Let the case be REMANDED
to the court of origin for trial on the merits.
No costs.
SO ORDERED.
Davide, Jr., C.J.,
(Chairman), Puno, Kapunan, and Ynares-Santiago,
JJ., concur.
[1] In
CA-GR CV No. 43302, promulgated on May 10, 1996, Carpio-Morales, J., ponente,
de Pano, Jr. and Martin, Jr., JJ., concurring; Petition, Annex “A”, Rollo,
pp. 20-26.
[2] Civil
Case No. 22, 024-93.
[3] Regional Trial Court Order dated June 17, 1993, Rollo, pp. 30-36.
[4] Before
a notary public in Milwaukee County,
Wisconsin, U. S. A.
[5] All
the deeds were executed before Notary Public Rodolfo B. Quiachon of Davao City.
[6] Order,
Regional Trial Court, June 17, 1993, Rollo, pp. 30-36.
[7] Decision,
Regional Trial Court, Davao City, Branch 16, Rollo, pp. 30-36.
[8] Notice
of Appeal, RTC Record, p. 103. Docketed
as CA-GR CV No. 43302.
[9] Petition, Annex “A”,
Rollo, pp. 20-26, Carpio
Morales, J., ponente, de Pano,
Jr. and Martin, Jr., JJ., concurring.
[10] CA
Rollo, pp. 85-89.
[11] CA
Rollo, pp. 101-103.
[12] Petition
filed by registered mail posted on November 18, 1996, Rollo, pp.
3-19. On March 29, 2000, we gave due course to the petition (Rollo, pp. 76-77).
[13] Caltex
Refinery Employees Association (CREA) vs. Brillantes, 344 Phil. 624
[1997]; Saballa vs. NLRC, 329 Phil. 511 [1996], citing LBC Aircargo,
Inc. vs. NLRC, 190 SCRA 274, 279 [1990].
[14] Article
VIII, Section 14 of the Constitution; Saballa vs. NLRC, supra, Note 13; Yao vs.
Court of Appeals, G. R. No. 132428,
October 24, 2000.
[15] Valgoson’s
Realty, Inc. vs. Court of Appeals, 295 SCRA 449 [1998], citing Tan Chun
Suy vs. Court of
Appeals, 229 SCRA 151 [1994] and
Guinsanato vs. Court of Appeals, 218 SCRA 708 [1993].
[16] Ibid.,
citing Catapusan vs. Court of Appeals, 332 Phil. 586 [1996], Meneses vs. Court of Appeals, 316
Phil. 210 [1995]; Baylon vs. Court of Appeals, 312 SCRA 502
[1999],citing Fortune Motors Phils. Corp. vs. Court of Appeals,
335 Phil. 315 [1997]; Tan Chun Suy vs. Court of Appeals, supra,
Note 15.
[17] Baylon vs. Court of Appeals, supra Note 14, citing Commissioner of Internal Revenue vs.
Embroidery and Garments Industries, 305 SCRA 70 [1999]; Mangahas vs.
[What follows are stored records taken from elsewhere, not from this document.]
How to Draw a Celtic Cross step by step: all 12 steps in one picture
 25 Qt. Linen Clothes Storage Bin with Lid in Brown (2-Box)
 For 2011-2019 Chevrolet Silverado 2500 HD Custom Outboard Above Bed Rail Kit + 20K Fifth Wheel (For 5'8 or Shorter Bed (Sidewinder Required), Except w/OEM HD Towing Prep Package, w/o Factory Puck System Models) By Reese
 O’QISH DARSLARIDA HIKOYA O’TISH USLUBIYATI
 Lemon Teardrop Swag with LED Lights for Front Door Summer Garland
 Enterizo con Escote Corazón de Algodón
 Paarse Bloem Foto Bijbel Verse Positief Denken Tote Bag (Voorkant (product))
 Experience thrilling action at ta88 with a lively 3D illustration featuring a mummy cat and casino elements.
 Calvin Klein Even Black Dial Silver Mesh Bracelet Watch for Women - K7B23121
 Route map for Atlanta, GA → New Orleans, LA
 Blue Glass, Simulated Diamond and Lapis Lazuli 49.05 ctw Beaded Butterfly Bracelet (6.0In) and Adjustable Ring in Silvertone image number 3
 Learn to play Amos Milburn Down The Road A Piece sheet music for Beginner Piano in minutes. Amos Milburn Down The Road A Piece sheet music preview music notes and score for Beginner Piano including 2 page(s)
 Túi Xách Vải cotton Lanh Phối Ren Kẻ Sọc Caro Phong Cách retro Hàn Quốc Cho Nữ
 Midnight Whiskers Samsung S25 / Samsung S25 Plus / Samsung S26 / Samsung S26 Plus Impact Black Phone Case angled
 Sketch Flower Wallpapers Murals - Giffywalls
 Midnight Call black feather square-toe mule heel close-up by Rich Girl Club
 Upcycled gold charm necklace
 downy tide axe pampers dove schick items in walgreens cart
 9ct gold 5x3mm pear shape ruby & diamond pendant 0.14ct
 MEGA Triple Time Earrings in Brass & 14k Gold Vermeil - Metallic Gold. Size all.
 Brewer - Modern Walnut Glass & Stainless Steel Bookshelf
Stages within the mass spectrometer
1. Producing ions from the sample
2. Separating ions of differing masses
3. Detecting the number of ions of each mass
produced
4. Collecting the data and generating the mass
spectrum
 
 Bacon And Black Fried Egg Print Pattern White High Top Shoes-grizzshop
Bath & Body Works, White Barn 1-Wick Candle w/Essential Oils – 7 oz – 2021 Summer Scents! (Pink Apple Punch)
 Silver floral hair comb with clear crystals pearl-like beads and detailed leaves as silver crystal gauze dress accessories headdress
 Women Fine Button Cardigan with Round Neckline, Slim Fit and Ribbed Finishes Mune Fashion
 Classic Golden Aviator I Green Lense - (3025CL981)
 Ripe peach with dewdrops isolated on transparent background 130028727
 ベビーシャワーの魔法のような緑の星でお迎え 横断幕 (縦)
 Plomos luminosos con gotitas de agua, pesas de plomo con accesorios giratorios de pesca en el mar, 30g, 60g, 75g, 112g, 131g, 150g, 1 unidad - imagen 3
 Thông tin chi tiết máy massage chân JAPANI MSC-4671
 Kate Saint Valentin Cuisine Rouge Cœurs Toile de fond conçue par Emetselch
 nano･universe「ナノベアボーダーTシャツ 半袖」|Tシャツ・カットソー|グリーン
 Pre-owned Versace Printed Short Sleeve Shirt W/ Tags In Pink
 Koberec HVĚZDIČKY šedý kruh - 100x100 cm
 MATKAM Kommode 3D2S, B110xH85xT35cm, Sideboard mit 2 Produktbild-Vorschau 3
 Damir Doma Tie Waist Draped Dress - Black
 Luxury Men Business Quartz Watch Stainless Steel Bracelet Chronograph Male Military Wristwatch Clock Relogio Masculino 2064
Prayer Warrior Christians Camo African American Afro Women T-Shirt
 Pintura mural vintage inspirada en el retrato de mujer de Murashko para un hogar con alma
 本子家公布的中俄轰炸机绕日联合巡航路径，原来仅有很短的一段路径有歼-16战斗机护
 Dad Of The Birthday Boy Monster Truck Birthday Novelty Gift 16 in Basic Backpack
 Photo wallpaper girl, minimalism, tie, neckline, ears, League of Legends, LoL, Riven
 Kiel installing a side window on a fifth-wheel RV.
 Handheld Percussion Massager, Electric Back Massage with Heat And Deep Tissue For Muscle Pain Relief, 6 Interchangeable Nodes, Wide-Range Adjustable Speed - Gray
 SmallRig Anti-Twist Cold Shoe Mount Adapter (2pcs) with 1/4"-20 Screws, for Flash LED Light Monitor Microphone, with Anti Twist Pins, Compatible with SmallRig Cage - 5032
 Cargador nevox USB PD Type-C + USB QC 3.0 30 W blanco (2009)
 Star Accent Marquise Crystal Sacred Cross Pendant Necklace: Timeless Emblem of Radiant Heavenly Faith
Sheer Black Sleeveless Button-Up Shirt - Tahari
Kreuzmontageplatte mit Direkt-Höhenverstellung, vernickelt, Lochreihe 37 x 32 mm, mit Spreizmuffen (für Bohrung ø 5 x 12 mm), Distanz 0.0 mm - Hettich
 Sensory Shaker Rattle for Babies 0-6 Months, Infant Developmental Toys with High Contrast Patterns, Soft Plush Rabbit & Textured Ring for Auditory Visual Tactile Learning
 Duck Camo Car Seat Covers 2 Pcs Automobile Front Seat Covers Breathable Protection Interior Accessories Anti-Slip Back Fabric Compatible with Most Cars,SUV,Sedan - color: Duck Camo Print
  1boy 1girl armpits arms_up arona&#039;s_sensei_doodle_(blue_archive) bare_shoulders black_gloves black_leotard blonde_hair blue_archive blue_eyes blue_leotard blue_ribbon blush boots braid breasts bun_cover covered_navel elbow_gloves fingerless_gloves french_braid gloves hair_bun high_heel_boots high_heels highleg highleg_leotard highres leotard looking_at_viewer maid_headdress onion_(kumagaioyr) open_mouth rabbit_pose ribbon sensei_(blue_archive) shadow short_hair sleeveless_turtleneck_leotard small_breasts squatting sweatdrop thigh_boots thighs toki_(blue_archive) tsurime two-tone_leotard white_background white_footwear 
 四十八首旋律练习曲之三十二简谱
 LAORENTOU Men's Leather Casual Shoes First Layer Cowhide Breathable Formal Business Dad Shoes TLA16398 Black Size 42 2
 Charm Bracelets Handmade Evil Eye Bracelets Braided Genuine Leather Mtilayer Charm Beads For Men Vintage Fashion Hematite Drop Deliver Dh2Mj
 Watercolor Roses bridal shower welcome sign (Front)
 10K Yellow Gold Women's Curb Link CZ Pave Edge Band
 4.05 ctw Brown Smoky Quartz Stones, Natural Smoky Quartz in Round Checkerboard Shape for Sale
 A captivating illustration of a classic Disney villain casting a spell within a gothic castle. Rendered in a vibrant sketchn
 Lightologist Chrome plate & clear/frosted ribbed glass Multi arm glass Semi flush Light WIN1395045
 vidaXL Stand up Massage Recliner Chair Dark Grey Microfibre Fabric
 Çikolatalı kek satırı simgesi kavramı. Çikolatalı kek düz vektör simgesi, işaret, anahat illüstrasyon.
Court of Appeals, 304 SCRA 375 [1999]; Diaz
vs. Sandiganbayan, 302 SCRA 118 [1999].
[18] Halili
vs. Court of Appeals, 287 SCRA 465, 270
[1998], citing Fuentes vs. Court of Appeals, 335 Phil. 1163
[1997]; Geronimo vs. Court of Appeals, 224 SCRA 494 [1993]. See also Lacanilao vs. Court of
Appeals, 330 Phil. 1074 [1996]; Verendia vs. Court of Appeals, 217 SCRA 417, [1993].
[19] Parañaque
Kings Enterprises vs. Court of Appeals, 335 Phil. 1124 [1997].
[20] Article
1491 [2], Civil Code; Tolentino, Civil Code of the Philippines, Vol. V, 1992
ed., 1997 Reprint, p. 42.
[21] Article
1410, in relation to Article 1403 [1], Civil Code; Santiago vs. Court of
Appeals, 343 Phil. 612 [1997]; Nool vs. Court of Appeals, 342 Phil. 106 [1997].